■ Work item
The answer should reproduce every entry exactly and contain no images.

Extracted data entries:
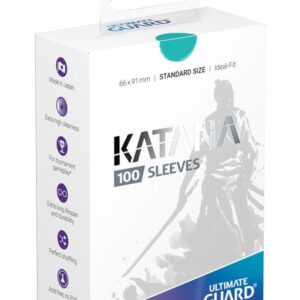 Ultimate Guard: Katana Sleeves - Turquoise - 100x Standard Size - verpakking vooraan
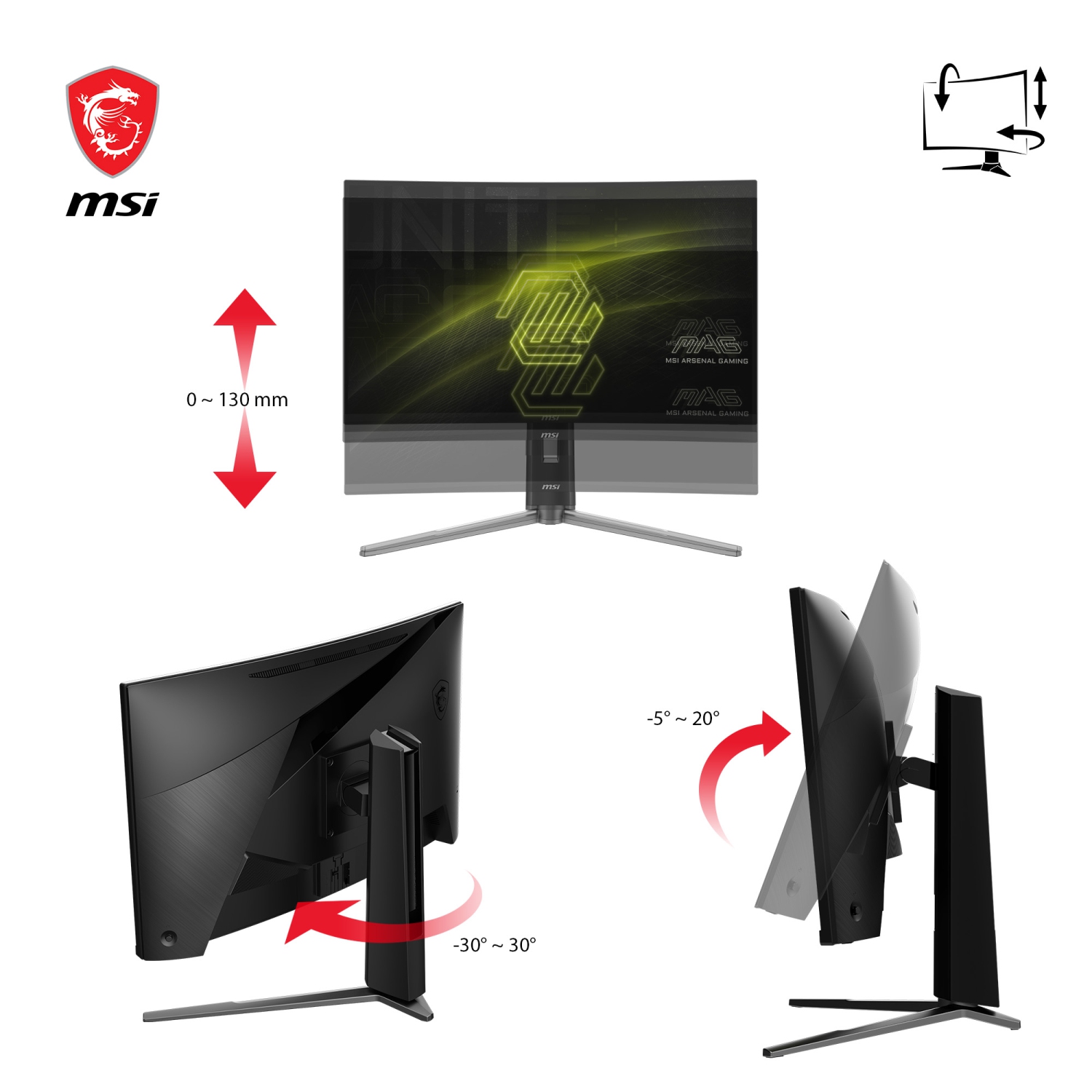 MSI 27" WQHD 180Hz 0.5ms Curved 1500R Rapid VA LED Gaming Monitor, Tilt, Swivel, Height adjustable, Adaptive Sync, VESA Mountable (MAG 27CQ6PF)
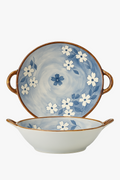 Japanese ceramic bowl 19 cm handle floral pattern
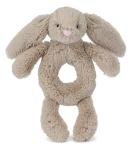 Bashful Beige Bunny Plush Rattle for Babies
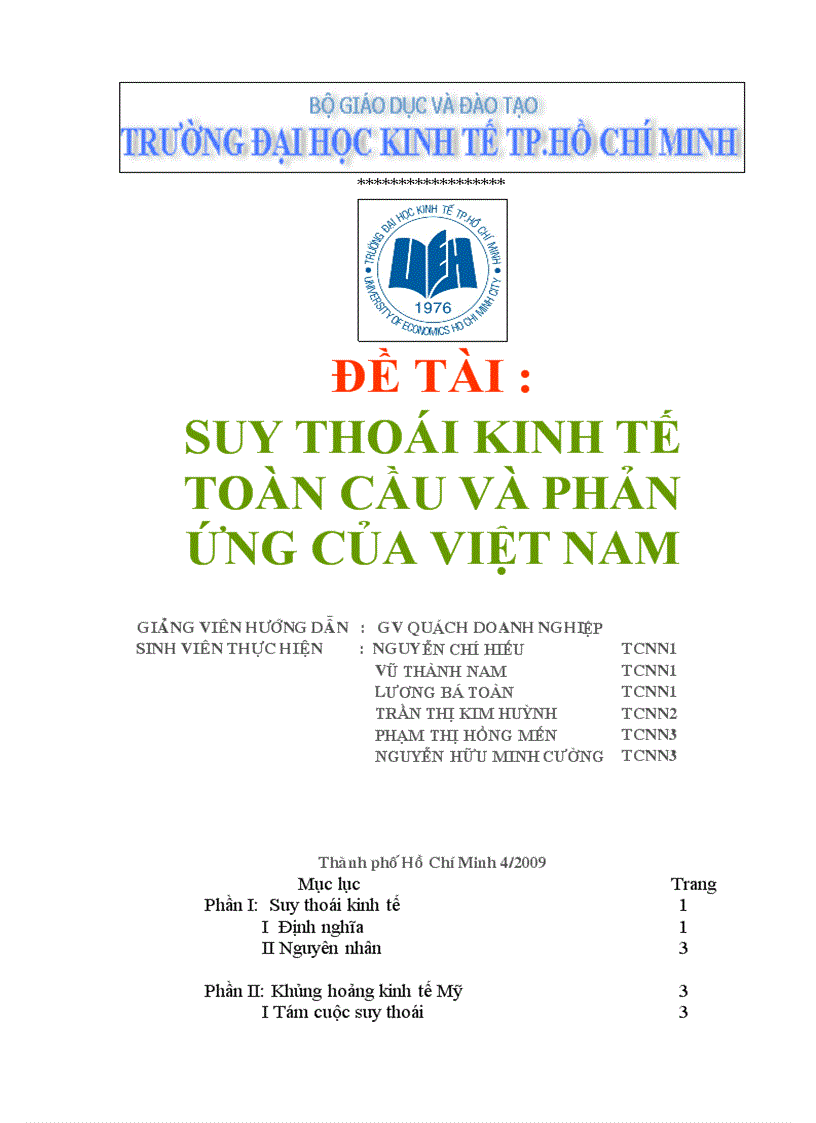 Suy thoái kinh tế toàn cầu và phản ứng của việt nam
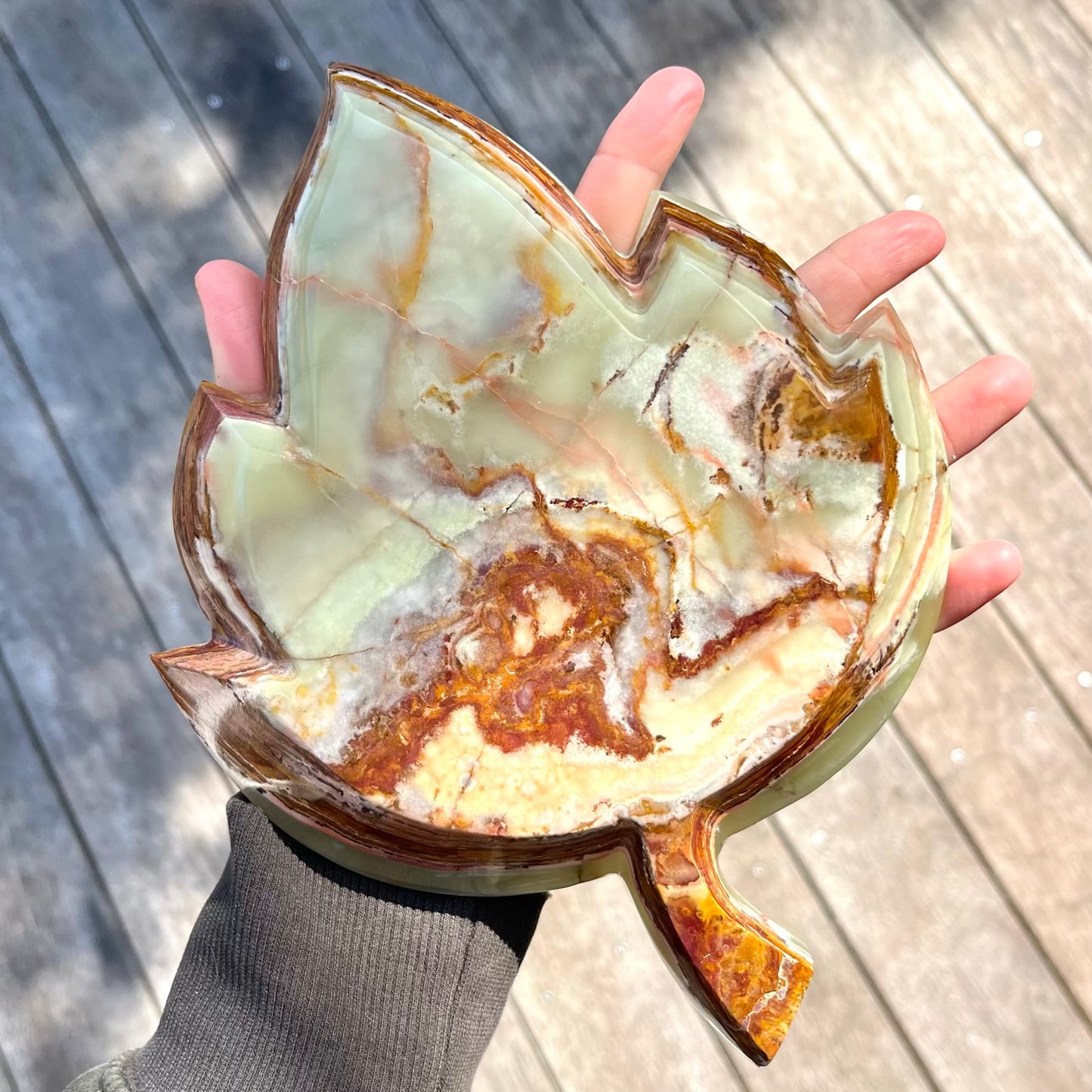 Green Onyx Leaf Crystal Dish - Protection, Grounding, Strength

■ Response for this exercise
 Ultimate Guard: Katana Sleeves - Turquoise - 100x Standard Size - verpakking vooraan
 MSI 27" WQHD 180Hz 0.5ms Curved 1500R Rapid VA LED Gaming Monitor, Tilt, Swivel, Height adjustable, Adaptive Sync, VESA Mountable (MAG 27CQ6PF)
 Japanese ceramic bowl 19 cm handle floral pattern
 Bashful Beige Bunny Plush Rattle for Babies
 Suy thoái kinh tế toàn cầu và phản ứng của việt nam
 Green Onyx Leaf Crystal Dish - Protection, Grounding, Strength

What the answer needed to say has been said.